Disillusion with politics is fuelling extremism, young Muslim leader warns
Extremist ideology is being fuelled by disillusion with politics, a young leader with the Kofi Annan Foundation has said.
Fatima Zaman said there was a need to recognise the roots of all extreme views, and it was the country's tolerance and respect for different cultures that made Britain great.
"Across the entire spectrum, from the far right, the far left and Islamist inspired extremism, there exist certain commonalities.
"Irrespective of the type of terrorist organisation, extremist ideology is fuelled by discontent, social fragmentation and a disillusion with the political order of the day," the 23-year-old east Londoner said.
Ms Zaman, who will speak at a gathering of young people with leadership potential at the One Young World Summit in Ottawa, Canada, this week, was driven to tackle extremism following the July 7 bombings in London.
Through her work as a civil servant, and with the Kofi Annan Foundation initiative Extremely Together, she aims to show "there is only so far hate can travel".
She said: "There is an onus on the media and society to drown out extremism by amplifying the voices of reason, using positive stories to defeat extremism and by offering a better alternative narrative.
"This is exactly what Extremely Together aims to do. We are not just stating what we are against, but also what we are for."
Engaging young people in discussion about subjects such as foreign policy, often held up as a reason men and women travel to join organisations like Islamic State (IS), is an effective means of discouraging extremist views and encouraging critical thinking, Ms Zaman added.
"The extremists state that being British directly contradicts being Muslim and that the two identities should always be at war.
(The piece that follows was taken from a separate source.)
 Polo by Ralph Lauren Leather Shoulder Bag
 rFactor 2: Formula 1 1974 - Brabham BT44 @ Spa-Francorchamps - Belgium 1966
But the great thing about being British is tolerance for other cultures, understanding of difference and respect for culture," she said.
"There is so much diversity in the UK and we as a nation celebrate our differences. It's particularly important for me to highlight my different identities and show how I am comfortable with being both British and Muslim.
"I am the representation of a balance, of peaceful co-existence and it is this that allows me to challenge the extremists' claims that being Muslim is not compatible with being British."
The One Young World Summit brings 1,300 young leaders from around the world together to discuss issues from climate change and extremism to animal rights and poverty, with pledges made to be acted on throughout the year.
Speakers at the four day event this week include Sir Bob Geldof, Cher and Kofi Annan.